Sometimes, things need to move quickly.
Such was the case for Naw Moo Moo Paw, a Global Studies Ph.D. student and teaching assistant from Myanmar.
In May, Paw, 28, left her struggling country to come to Lowell, despite the threat of military arrest. Since a military coup took place in Myanmar on Feb. 1, nullifying a November 2020 general election, soldiers have pulled people off flights. Roadblocks have sprung up. The military has quashed critics with detention. Dissidents have died. 
“We are used to living in a conflict area, used to running around bullets,” says Paw, who is Karen, an ethnic minority that comprises about 7% of Myanmar’s population. She is from an area where armed Karen dissidents battle the ruling army.
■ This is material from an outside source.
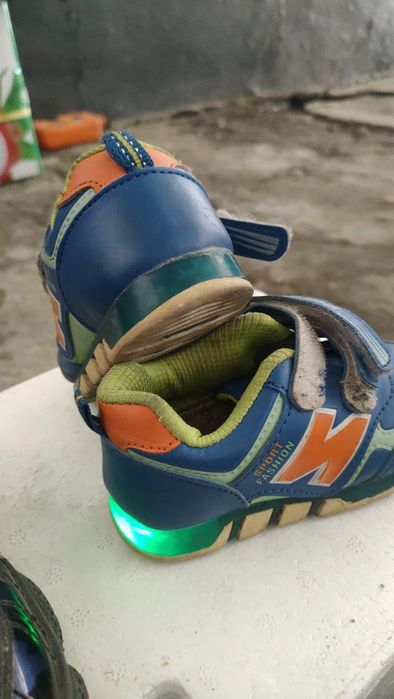 Продам детскую обувь для девочек и мальчиков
No one was certain Paw would make it from her hometown of Kyaukkyi, onto the flight out of the country until the jet was airborne. A week after her exit, she says, restrictions tightened even further.
That she would end up at UMass Lowell as a Global Studies Ph.D. student wasn’t a surprise, though it came about rapidly.
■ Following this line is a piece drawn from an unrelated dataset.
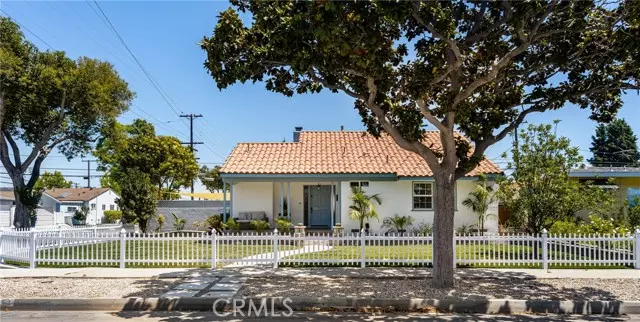 3684 Woodruff Avenue, Long Beach, CA 90808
A small team from UML worked on Paw’s behalf. For days before she left Myanmar, the university – especially in the College of Fine Arts, Humanities and Social Sciences — rallied behind the scenes to help welcome Paw as a student. Dean Luis Falcone, Assoc. Dean for Research and Graduate Programs Richard Serna, Vice Provost for Graduate and Professional Studies Steven Tello and Assoc. Prof. Jenifer Whitten-Woodring, who is interim dean of Honors College, and Assoc. Prof. Angelica Duran-Martinez, director of the Global Studies program, were among those who cleared the path for Paw’s arrival. 
A research stipend was set up, documents were processed and living arrangements made.
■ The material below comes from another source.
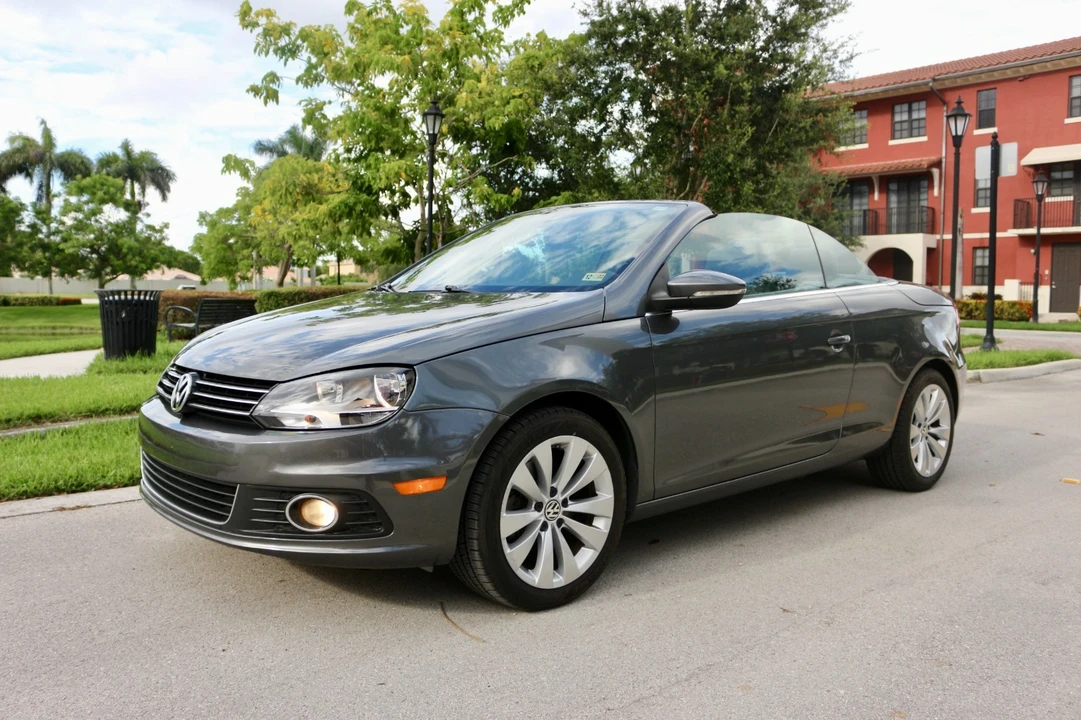 2015 Volkswagen Eos - Image 2 of 21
Ardeth Thawnghmung, chair of the Political Science Department and interim director of Peace and Conflict Studies, is hosting Paw. Thawnghmung is also Karen, and arrived in the U.S. in 1990 with $60 in her pocket. She was eventually hosted for a year by a host family in California then for two years by an Indiana family whose parents had been missionaries to Burma. 
“I told Moo Moo, ‘You can stay in my house for free,’” says Thawnghmung, who joined the UML faculty in 2004. “I was blessed by these people and I want to do the same thing for her.” 
Paw earned her master’s degree in public management and policy analysis in 2020 from International University of Japan. She is a master of using data, says Thawnghmung. She also has degrees in business management, development studies, international relations and geography. 
Her prowess with data earned Paw a job with the Enlightened Myanmar Research Foundation (EMReF), a nonprofit working for the development of evidence-based policy making and independent research practices in Myanmar. It was founded in Yangon, Myanmar, by natives Myat The Thitsar and her twin sister, Myat Thet Thitsar. Myat The, a UMass Lowell Ph.D. student in Global Studies, lives in and runs the nonprofit from Lowell.
Shortly after Paw began her work with EMReF, the coup happened. The foundation suspended its activities. 
“I was the newest person, so I would be the first to be laid off,” says Paw. 
Paw had planned to get her doctorate, but not for another five years. But her schedule suddenly opened, and her country was closing, ever tighter.
Myat The recommended UMass Lowell, then contacted Thawnghmung, who set the wheels in motion for Paw’s arrival.
Paw brings a unique perspective to campus, says Whitten-Woodring. 
“We can’t imagine what it would be like to live under martial law. She absolutely knows. Very little is known about Myanmar from outside scholars because they can’t get access. It’s one of the most closed-off countries in the world, right up there with North Korea,” Whitten-Woodring says. “She will bring all of that to the classroom. It’s a very unique opportunity for our students.”
As Paw settles into her new home at UMass Lowell, she is thinking of her homeland. She is hopeful that the military coup will end soon and free democratic elections and freedoms will be restored.
“I just want my people to live peacefully,” she says, adding that she would like to work “behind the scenes” to help bring peace to Myanmar. “They don’t want war and don’t want fighting, just peace.”